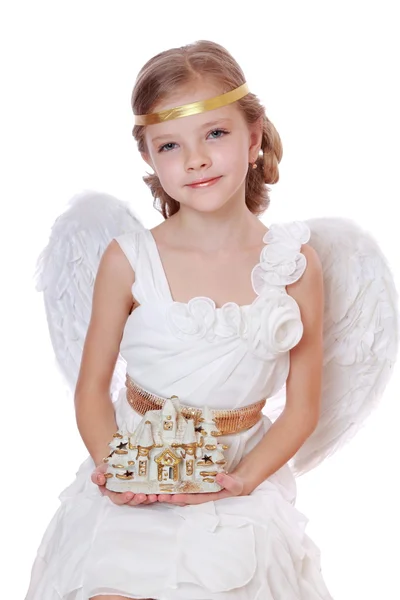 Pequeno anjo com brinquedo — Fotografia de Stock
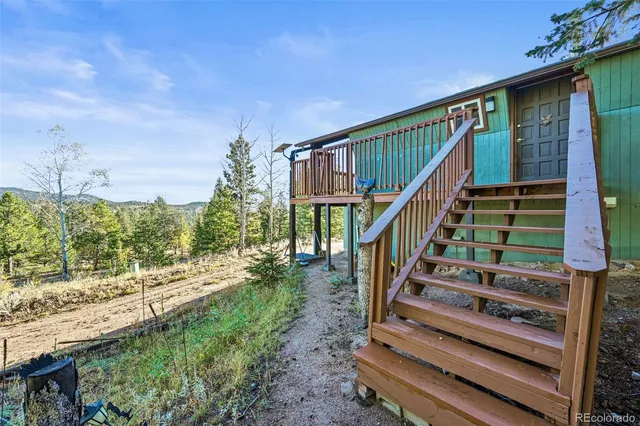 a view of stairs and yard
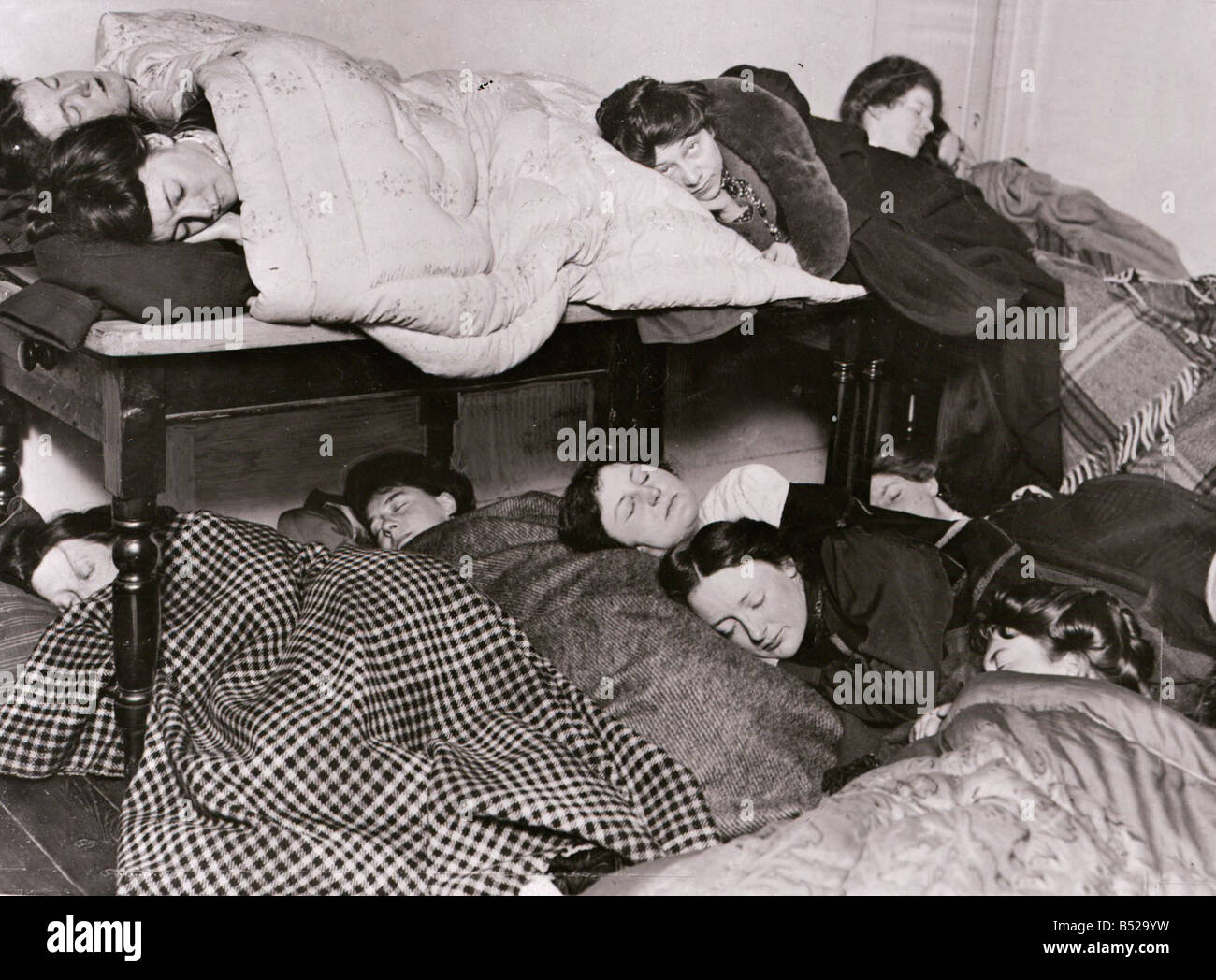 Suffragettes April 1911 Pictured sleeping at home of a friend who will refuse to fill up her schedule for the National Census Afterwards they have arranged to attend a midnight meeting in Trafalgar Square London Suffragettes 1910s Womens Rights Movement Stock Photo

§ **EXERCISE AIM**
What is needed is a word-for-word copy of the data, minus its pictures.

§ **RESPONSE AREA**
 Pequeno anjo com brinquedo — Fotografia de Stock
 a view of stairs and yard
 Suffragettes April 1911 Pictured sleeping at home of a friend who will refuse to fill up her schedule for the National Census Afterwards they have arranged to attend a midnight meeting in Trafalgar Square London Suffragettes 1910s Womens Rights Movement Stock Photo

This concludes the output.